Do not use database connections created by the application in a route closure (when responding to a request). Always use the incoming request to create a connection to avoid threading issues.

Create

To create (save) a model to the database, first initialize an instance of your model, then call .save(on: ).

router.post(...) { req in
    return req.withConnection(to: .foo) { db -> Future<User> in
        let user = User(name: "Vapor", age: 3)
        return user.save(on: db).transform(to: user) // Future<User>
    }
}

Response

.save(on: ) returns a Future<Void> that completes when the user has finished saving. In this example, we then map that Future<Void> to a Future<User> by calling .map and passing in the recently-saved user.

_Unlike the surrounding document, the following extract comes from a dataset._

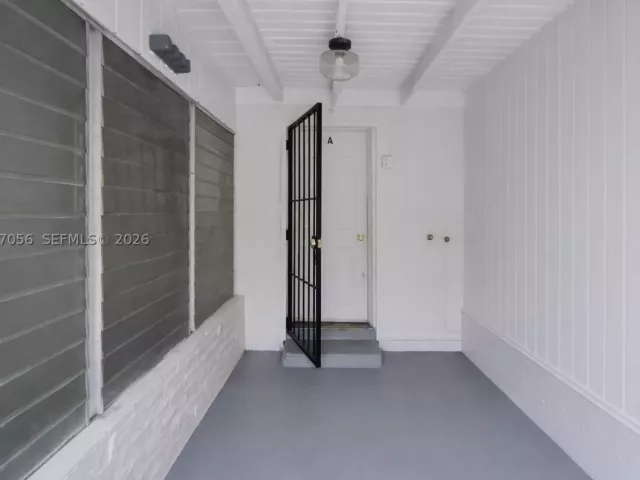 Продажа дома по адресу 915 SW 9th Ct - фото 9265120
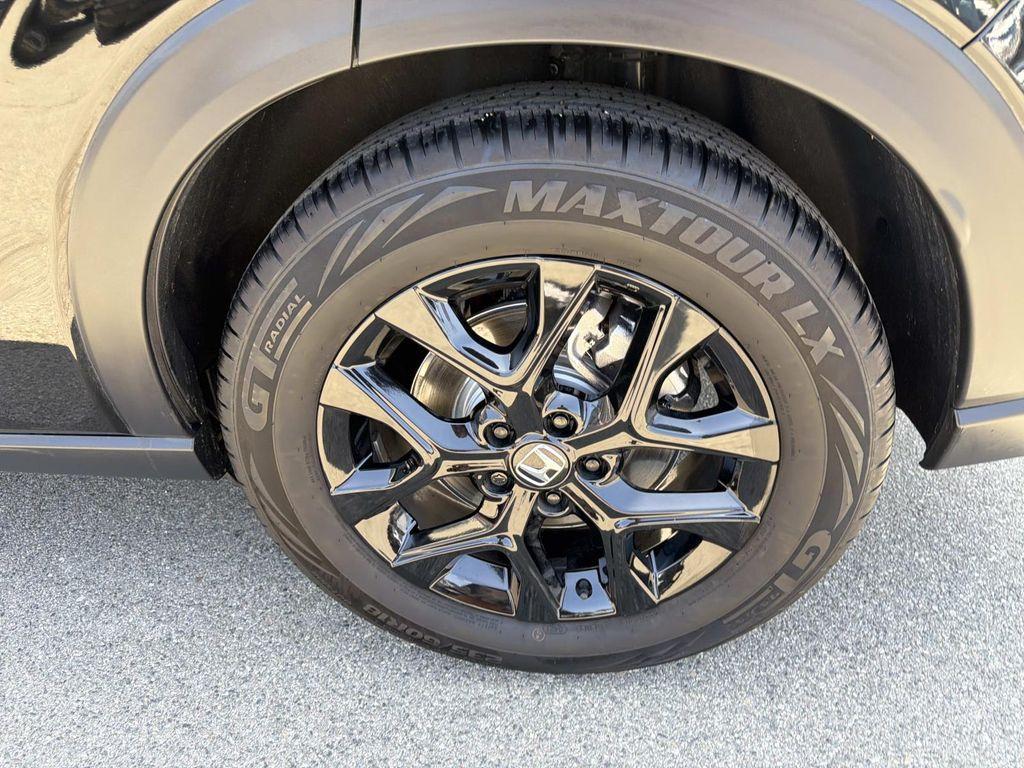 used 2025 Honda HR-V car, priced at $26,485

You can also use .map to return a simple success response.

router.post(...) { req in
    return req.withConnection(to: .foo) { db -> Future<HTTPResponse> in
        let user = User(name: "Vapor", age: 3)
        return user.save(on: db).map(to: HTTPResponse.self) {
            return HTTPResponse(status: .created)
        }
    }
}

Multiple

If you have multiple instances to save, do so using an array. Arrays containing only futures behave like futures.

router.post(...) { req in
    return req.withConnection(to: .foo) { db -> Future<HTTPResponse> in
        let marie = User(name: "Marie Curie", age: 66)
        let charles = User(name: "Charles Darwin", age: 73)
        return [
            marie.save(on: db),
            charles.save(on: db)
        ].map(to: HTTPResponse.self) {
            return HTTPResponse(status: .created)
        }
    }
}

Read

To read models from the database, use .query() on the database connection to create a QueryBuilder.

All

Fetch all instances of a model from the database using .all().

router.get(...) { req in
    return req.withConnection(to: .foo) { db -> Future<[User]> in
        return db.query(User.self).all()
    }
}

Filter

Use .filter(...) to apply filters to your query.

router.get(...) { req in
    return req.withConnection(to: .foo) { db -> Future<[User]> in
        return try db.query(User.self).filter(\User.age > 50).all()
    }
}

First

You can also use .first() to just get the first result.

router.get(...) { req in
    return req.withConnection(to: .foo) { db -> Future<User> in
        return try db.query(User.self).filter(\User.name == "Vapor").first().map(to: User.self) { user in
            guard let user = user else {
                throw Abort(.notFound, reason: "Could not find user.")
            }

            return user
        }
    }
}

Notice we use .map(to:) here to convert the optional user returned by .first() to a non-optional user, or we throw an error.

Update

router.put(...) { req in
    return req.withConnection(to: .foo) { db -> Future<User> in
        return db.query(User.self).first().map(to: User.self) { user in
            guard let user = $0 else {
                throw Abort(.notFound, reason: "Could not find user.")
            }

            return user
        }.flatMap(to: User.self) { user in
            user.age += 1
            return user.update(on: db).map(to: User.self) { user }
        }
    }
}

Notice we use .map(to:) here to convert the optional user returned by .first() to a non-optional user, or we throw an error.

Delete

router.delete(...) { req in
    return req.withConnection(to: .foo) { db -> Future<User> in
        return db.query(User.self).first().map(to: User.self) { user in
            guard let user = $0 else {
                throw Abort(.notFound, reason: "Could not find user.")
            }
            return user
        }.flatMap(to: User.self) { user in
            return user.delete(on: db).transfom(to: user)
        }
    }
}

Notice we use .map(to:) here to convert the optional user returned by .first() to a non-optional user, or we throw an error.